Çalışmada öncelikle kültür ve tabiat varlıklarının kamulaştırılması konusunda meri mevzuatın benimsemiş olduğu yaklaşım hakkında genel bir değerlendirme yapılmış ve ardından kültür ve tabiat varlıklarının kamulaştırılması konusuna AİHM yaklaşımı içtihadından örneklerle incelenmiştir. Çalışmanın ana problemi ise ise AİHM’in Kozacıoğlu v. Türkiye kararında ulaşmış olduğu, Türk mevzuatında kabul edilen bedel tespiti esaslarının adil denge prensibine uygun olmadığı tespitinin isabeti meselesidir.
AİHM, Türk mevzuatının kültür ve tabiat varlığı olarak tespit ve tescil edilen taşınmazların bedel hesaplamasında kısmi enderliği, mimari ve tarihi özelliklerinin dikkate alınmasını imkânsızlaştırdığını, bu bedel tespit sisteminin devlete bariz bir avantaj sağlaması dolayısıyla adil olmadığını, ağır bakım masraflarına katlanmak zorunda kalan tescilli taşınmaz sahiplerinin cezalandırılmasına ve buna karşılık binalarının özelliklerinden kaynaklanabilecek değer artışlarından da mahrum bırakılmasına yol açtığını belirtmektedir.
Esasında AİHM kurulacak adil dengenin -Anayasamızda benimsenen prensibin aksine- mutlaka gerçek karşılıkla ilgili olmadığını ve bazı sebeplerle bedelin gerçek karşılığın altında belirlenmesinin mümkün ve gerekli olabileceğini kabul etmektedir.

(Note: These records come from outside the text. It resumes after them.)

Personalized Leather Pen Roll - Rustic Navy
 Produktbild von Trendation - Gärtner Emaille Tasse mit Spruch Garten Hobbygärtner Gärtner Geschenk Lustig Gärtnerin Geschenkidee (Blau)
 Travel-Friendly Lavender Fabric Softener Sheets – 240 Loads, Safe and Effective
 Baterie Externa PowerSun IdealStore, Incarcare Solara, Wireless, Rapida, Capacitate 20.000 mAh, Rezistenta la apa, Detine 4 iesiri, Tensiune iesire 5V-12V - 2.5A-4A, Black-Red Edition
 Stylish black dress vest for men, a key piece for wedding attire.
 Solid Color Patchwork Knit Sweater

Mahkeme, kültürel ve tarihi mirasın korunmasını da bu sebepler arasında saymış olsa da somut olayın özellikleri bakımından bedel tespit yönteminin adil dengeye zarar verdiğine işaret etmiştir.
Kültür ve tabiat varlıklarının korunması bakımından özellikle “yaptırım niteliğindeki kamulaştırma” düzenlemeleri de dikkate alındığında devletin üzerine düşen görevi yerine getirmede karşılaştığı maddi zorlukların bertarafı amacına matuf kanuni düzenlemeler yapılması mümkün ve meşrudur. Ancak bu kanuni düzenlemelerin adil denge prensibine zarar vermemesi için, ağır bakım masraflarına katlanmak zorunda kalan tescilli taşınmaz sahiplerinin yeterli düzeyde desteklenmesi elzemdir. Bildiride Kozacıoğlu v. Türkiye davasında adil dengenin sağlanması hususu irdelenirken mevzuatın bu yönüyle titiz bir incelemeye tabi tutulup tutulmadığı ve AİHM’in işaret ettiği ideal bedel tespit sisteminin bu varlıkların korunmasını zorlaştırma ihtimali tartışılacaktır.
Anahtar Kelimeler: Kültür ve tabiat varlıkları, kamulaştırma, adil denge, bedel tespiti, AİHM, Kozacıoğlu v. Türkiye.